Photo : Radio-Canada / Charles Delisle
La Presse canadienne
Publié hier à 16 h 10 HAE
Trois politologues estiment que les droits issus des traités autochtones constituent un obstacle juridique de taille pour les séparatistes en Alberta.
André Lecours, de l'Université d'Ottawa, explique qu'une décision rendue début mai par une juge, qui annule une pétition séparatiste visant à imposer un référendum sur la sortie de l'Alberta du Canada, a fait entrer le processus de sécession en terrain inconnu.
La juge Shaina Leonard a indiqué que la requête n'aurait pas dû être acceptée, car le gouvernement de la première ministre Danielle Smith a manqué à son obligation de consulter les Premières Nations. Mme Smith a mentionné que son gouvernement comptait faire appel de cette décision.
Grace Skogstad, professeure à l’Université de Toronto, souligne que les droits des Autochtones et le processus de consultation ont considérablement évolué depuis l’adoption de la Loi sur la clarté référendaire, qui définit les conditions de la sécession.
Andrew McDougall, professeur à Toronto, précise qu’il appartient aux tribunaux de définir à quoi ressemblerait le processus de consultation, puisque la Loi sur la clarté référendaire ne le fait pas, et que les groupes autochtones et Ottawa devraient probablement s’accorder sur le fait qu’il a été respecté avant que l’Alberta ne quitte la Confédération.
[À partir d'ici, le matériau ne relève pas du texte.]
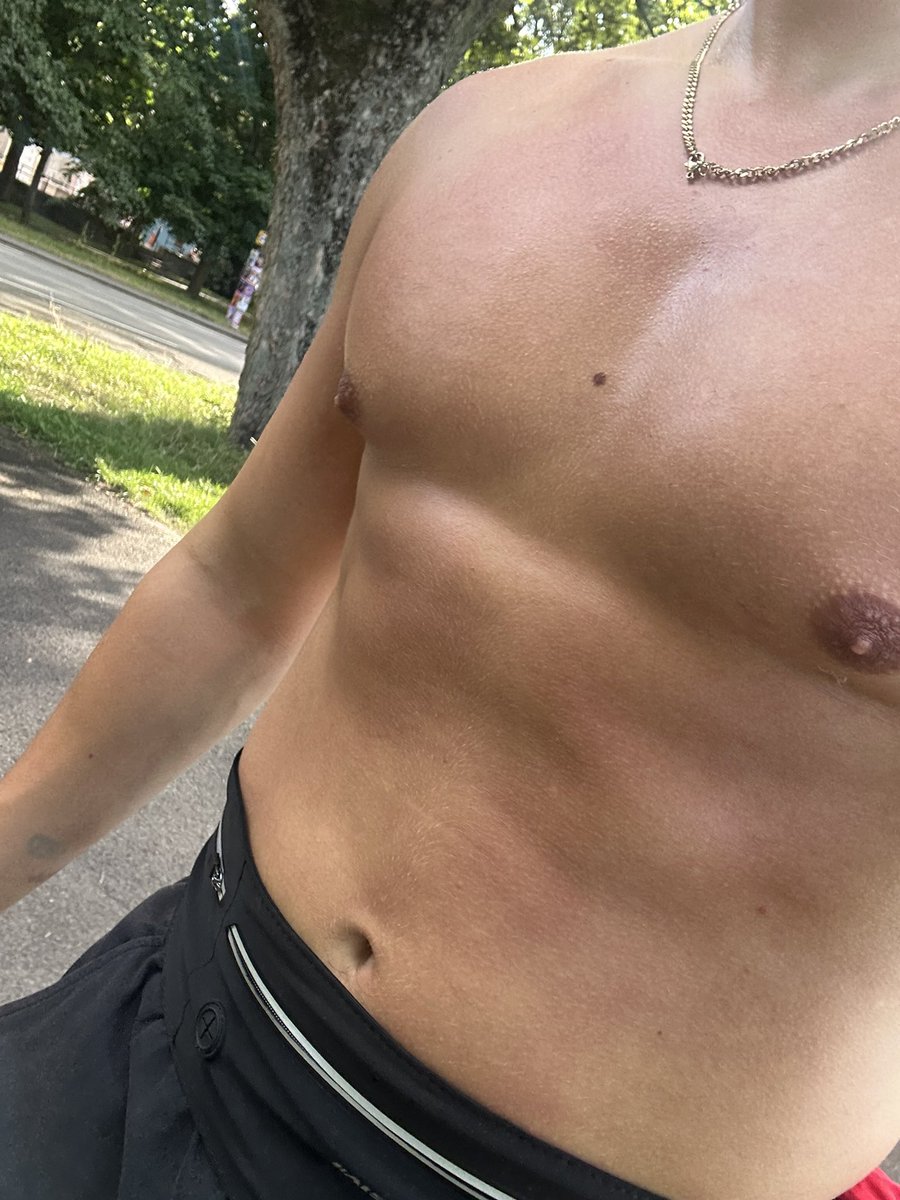 Jametwonk's tweet photo. I only like running during the summer because it’s socially acceptable to do it topless. https://t.co/GG0S4uNrAg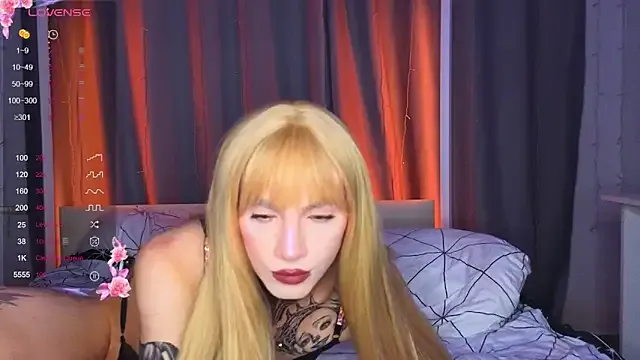 Mia--meow – webcam model profile photo Image 3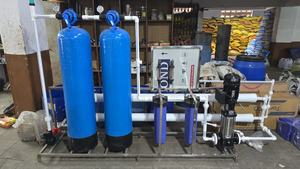 Sistema de Purificación de Agua Industrial de 1000 l/h con Ósmosis Inversa, Planta de Filtración RO, Sistema de Tratamiento de Agua por Ósmosis Inversa de Gran Capacidad con UV - Product Image 5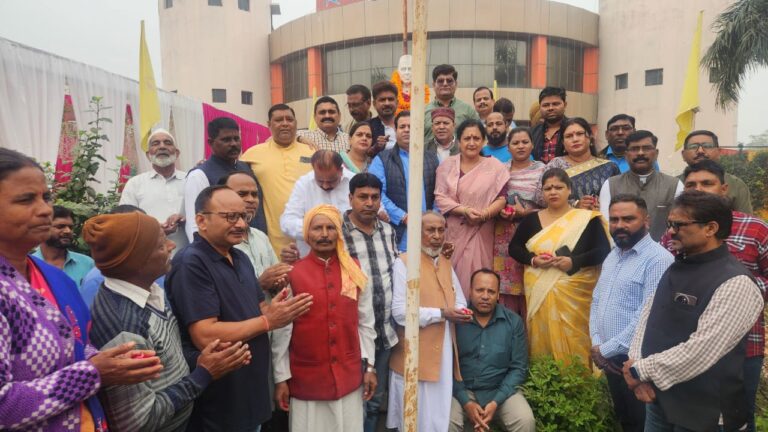 रुद्रपुर। देश के प्रथम प्रधानमंत्री पंडित जवाहर लाल नेहरू की जयंती महानगर कांग्रेस कमेटी ने सिटी क्लब में धूमधाम से मनाई। इस अवसर पर महानगर कांग्रेस अध्यक्ष सीपी शर्मा के नेतृत्व में कांग्रेसियों ने पंडित नेहरू की मूर्ति पर माल्यार्पण करते हुए उनके आदर्शों पर चलने का संकल्प लिया।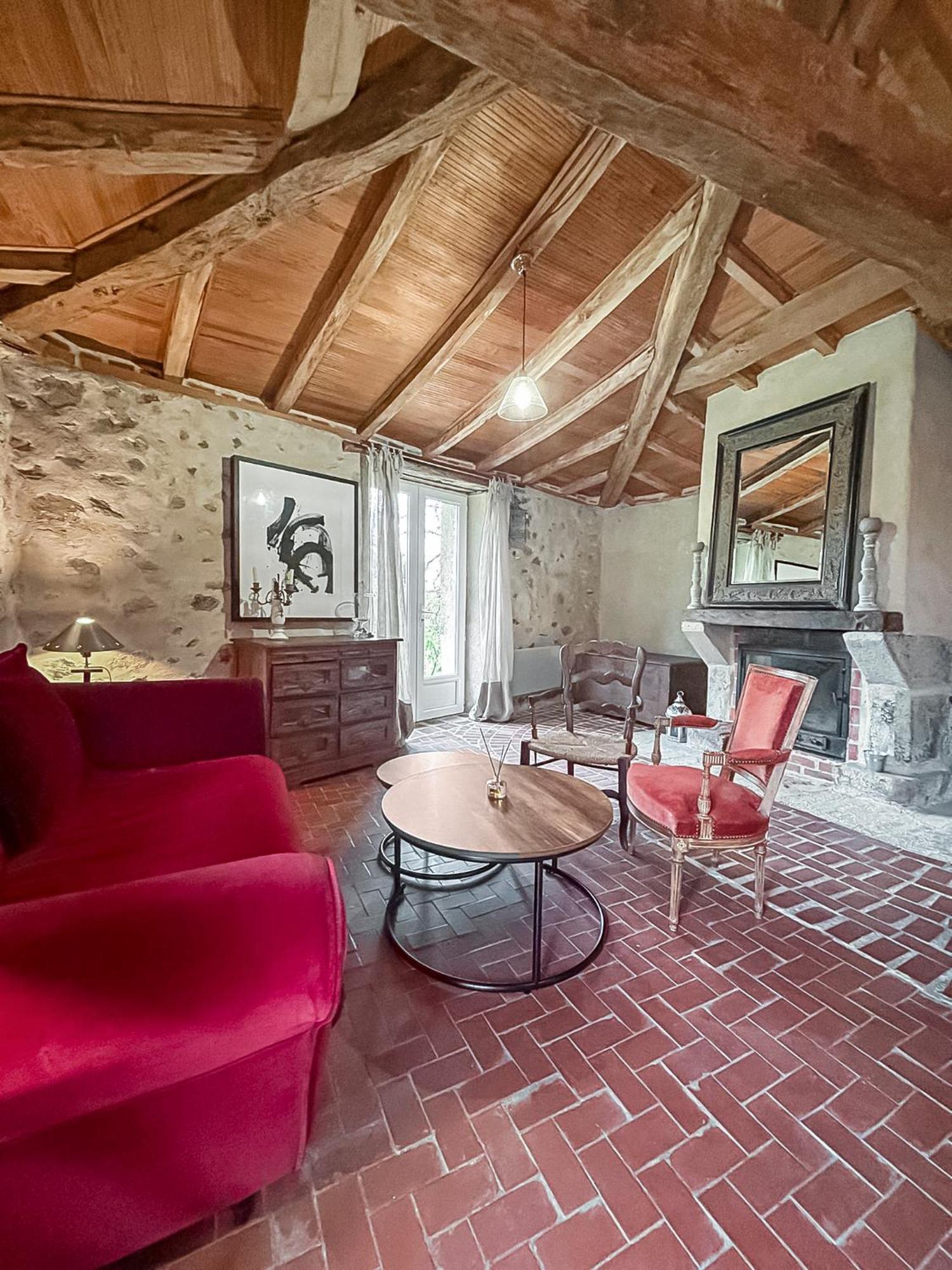 Le Clos Des Ecorcins - Terrasse - Parking Prive Saint-Amand-sur-Sevre Exteriör bild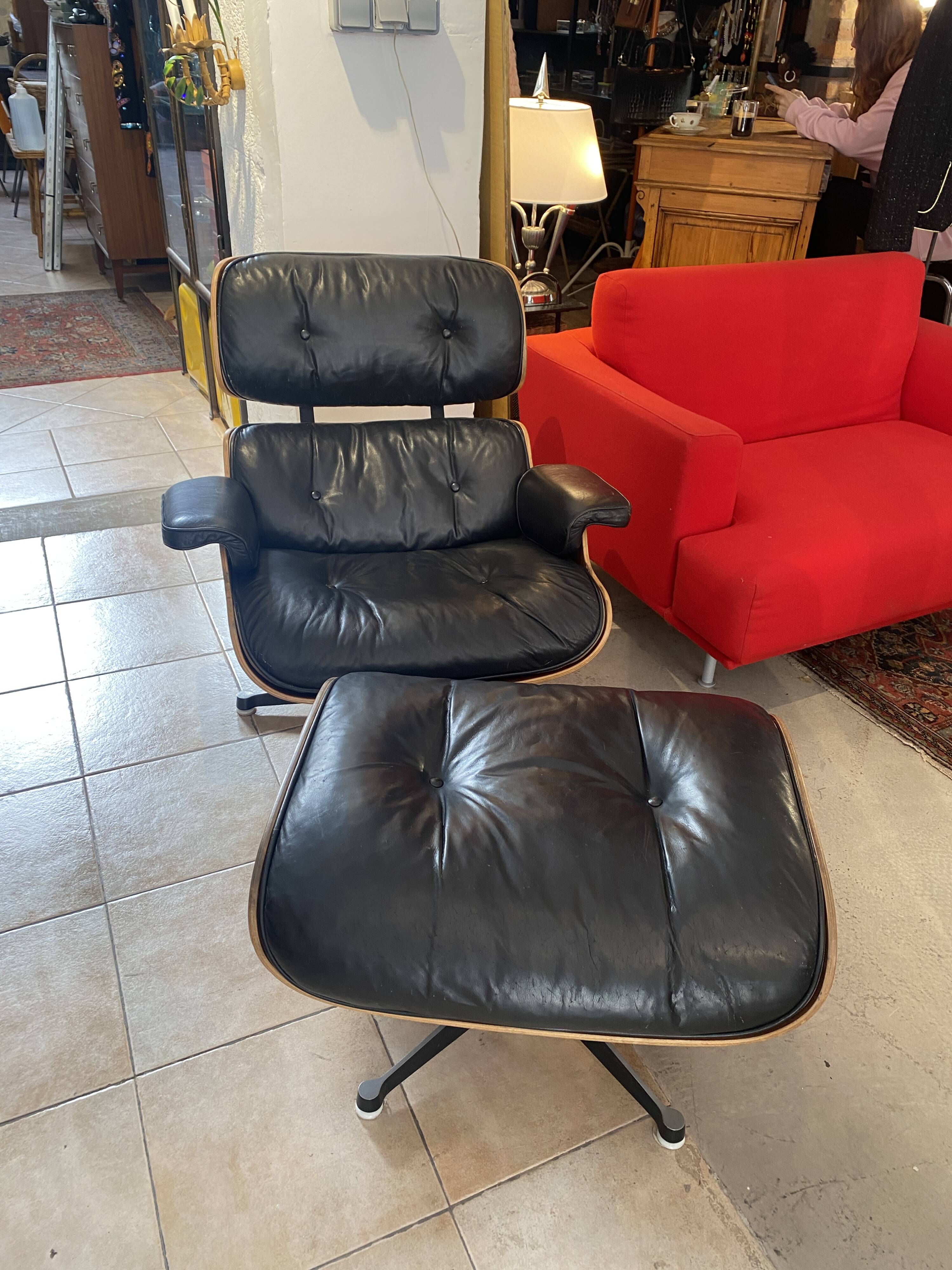 Eames lounge chair and ottoman Mobilier International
La première ministre Danielle Smith a annoncé cette semaine lors d’une allocution télévisée que la question posée lors du référendum d’octobre demandera aux Albertains s’ils souhaitent rester au Canada ou entamer le processus menant à un référendum contraignant sur la séparation.
Mme Smith a déclaré qu'elle ne pouvait pas inscrire directement la séparation sur le bulletin de vote en raison de la décision de la juge Leonard.